The discovery of nuclear reactions need not bring about the destruction of mankind any more than the discovery of matches.

ALBERT EINSTEIN (1879-1955)

Nuclear Testing

The largest nuclear weapon ever detonated was 16 times as powerful as all the munitions used in the World War II combined.
WINSTON CHURCHILL (1874-1965)

If you go on with this nuclear arms race, all you are going to do is make the rubble bounce.

Bombs in Yorkshire



In 1953 atomic weapons scientists at Aldermaston considered various coastal sites in the UK for atom bomb test detonations, concluding that the best place to nuke would be the seaside village of Skipsea in Yorkshire.
 
Duncansby Head near Wick in Caithness was rejected because of the wet weather in the area. Donna Nook, a military range on the coast near Mablethorpe in Lincolnshire was also investigated, but was not thought to be as suitable as Skipsea between Bridlington and Hull, where there was a base that was about to be relinquished by the RAF.
 
To be fair, misgivings arose immediately. The Tory MP for the constituency opined that it was ‘a most inappropriate place’ for a nuclear test, and an official pointed out that there were bungalows and beach huts nearby which might be damaged, not to mention a foreshore with a public right of way, and that ‘local feeling aroused by Atomic Research Establishment use of it would be very considerable’.
 
Soon afterwards, the plans were switched to Maralinga in Australia. Prior to selection, the Maralinga site was inhabited by the Pitjantjatjara and Yankunytjatjara Aboriginal peoples, who were relocated before the tests. On 27 September 1956, Operation Buffalo commenced there with the testing of four fission bombs, codenamed One Tree, Marcoo, Kite and Breakaway. The McClelland Royal Commission of 1984-85 noted that British and Australian servicemen were purposely exposed to fallout from the blasts, to see what happened, and concluded that all four tests were fired under inappropriate conditions. 
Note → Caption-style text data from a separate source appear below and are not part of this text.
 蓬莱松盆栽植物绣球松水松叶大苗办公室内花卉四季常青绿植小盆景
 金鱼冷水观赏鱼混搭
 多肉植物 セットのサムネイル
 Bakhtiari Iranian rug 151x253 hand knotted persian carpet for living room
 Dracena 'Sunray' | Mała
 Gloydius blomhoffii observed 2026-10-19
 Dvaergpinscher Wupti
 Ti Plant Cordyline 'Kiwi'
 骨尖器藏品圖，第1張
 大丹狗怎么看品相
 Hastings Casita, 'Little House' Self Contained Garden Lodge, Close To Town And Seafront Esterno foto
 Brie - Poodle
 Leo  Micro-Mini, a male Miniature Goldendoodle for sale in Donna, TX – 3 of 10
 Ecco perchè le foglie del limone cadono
For 12 years, an average of one atomic bomb every three weeks was detonated in the Nevada desert.

Bikini Island



Bikini Island in Bikini Atoll (Marshall Islands) is famous for having the bikini named after it and being the site of a series of thermonuclear tests. An atoll is any island of coral that encircles a lagoon partially or completely.
 
Between 1946 and 1958, 23 nuclear devices were detonated at Bikini including the 1954 detonation codenamed Castle Bravo, which was the first test of a practical hydrogen bomb and the largest nuclear explosion ever set off by the United States. It had an explosive force equal to nearly 1,000 Hiroshima-type bombs (over twice the yield predicted). It vaporized the test island, parts of two other islands, and left a mile-wide crater in the lagoon floor.
 
The blast also contaminated 23 crewmembers of the Japanese fishing boat Lucky Dragon 5 which was fishing outside the danger area. One of the crew later died of radiation poisoning. The ensuing scandal in Japan inspired the 1954 film Godzilla, in which the US nuclear test awakens and mutates the monster, who then attacks Japan.
 
In 1968 the United States declared Bikini habitable and started bringing a small group of Bikinians back to their homes in the early 1970s as a test. In 1978, however, the islanders were removed again due to radiation levels.
 
The earliest depiction of a bikini type swimsuit is from the reign of the Roman Emperor Diocletian (286-305 AD). The modern bikini appeared in 1946, when two French designers, Jacques Heim and Louis Reard, developed competing prototypes. Heim called his the ‘atome’ and advertised it as ‘the world's smallest bathing suit’. Reard promoted his creation as ‘smaller than the world's smallest bathing suit’ and called it the bikini, after the Bikini Atoll which was in the news as nuclear tests had just begun there. 

Hollywood
cancer scare


Almost half of the people involved in the 1954 movie The Conqueror - including John Wayne - contracted cancer. The movie was filmed around 140 miles downwind of a nuclear testing site in Nevada.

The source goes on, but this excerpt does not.